NCAA: Transfer portal rules changing?
By Kevin Miller
One of the biggest topics of conversation during any collegiate sport’s offseason is the transfer portal. Ever since the NCAA passed legislation allowing for a one-time free transfer, college sports have developed a pseudo-free agency that has drastically changed the way coaches recruit and the way players handle opportunities.
Prominent players across all sports at the University of South Carolina have come to the Gamecocks through the transfer portal: football’s Spencer Rattler, baseball’s Noah Hall, and basketball’s Meechie Johnson and Kamilla Cardoso are some of the most well-known of the transfers.
While large-scale changes to the portal have not been part of any new legislation, the portal has been undergoing minor tweaks each year since its inception. The most prevalent of the transfer portal updates have focused on the college football calendar, and that trend has continued this summer.
Earlier this week, the NCAA proposed further schedule changes for the transfer portal, and if ratified, these rule changes would affect all NCAA-sanctioned sports. The proposal, presented by the NCAA Division-1 Council, suggests that the transfer portal window should shrink from 60 days (or 45 days for spring sports) to 30.
For those who are not familiar with the transfer portal window, it is, most simply, the period in which undergraduate Division-1 student-athletes are allowed to enter their names into the transfer portal while keeping their eligibility for the one-time free transfer. Players can finalize their transfers at any time after entering the portal.
Currently across all Division-1 sports, undergraduate athletes have a 60-day window (or 45-day window for spring sports) to enter the portal without an NCAA waiver and without enduring a 1-year penalty that would result in the athlete sitting out of NCAA competition for a season. Graduate students can enter the portal at any time and are free to transfer without penalty.
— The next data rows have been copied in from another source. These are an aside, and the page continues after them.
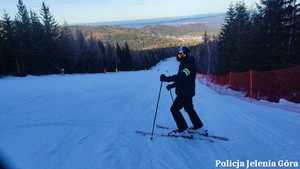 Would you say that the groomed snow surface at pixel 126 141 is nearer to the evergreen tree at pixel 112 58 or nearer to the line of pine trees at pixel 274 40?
the line of pine trees at pixel 274 40

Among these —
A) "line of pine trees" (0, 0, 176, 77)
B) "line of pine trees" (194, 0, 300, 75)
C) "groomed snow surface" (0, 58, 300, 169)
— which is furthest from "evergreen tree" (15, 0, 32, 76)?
"line of pine trees" (194, 0, 300, 75)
The open window has been lamented by coaches across college athletics as those who lead Division-1 programs already have an incredibly busy calendar of games, practices, and recruiting. South Carolina football coach Shane Beamer has called for “some calendar changes,” and Alabama headman Nick Saban has said the current college football calendar is “bad for college football.”
A 30-day window would go a long way in addressing this issue, especially as it pertains to the sport of college football. For football, the current 60-day window is split into two. A 45-day period exists after the announcement of the College Football Playoff, and a 15-day window begins roughly after spring practice.
Shrinking the window will allow for programs to resume normal offseason activities (workouts, player-led practices, film study, roster decisions, etc.) at a more appropriate time instead of trying to figure out where portal recruiting fits in and how to integrate late-arriving transfers.
ESPN’s Tom Vanhaaren reports that almost 3600 Division-1 FBS and Division-1 FCS football players entered the transfer portal this offseason.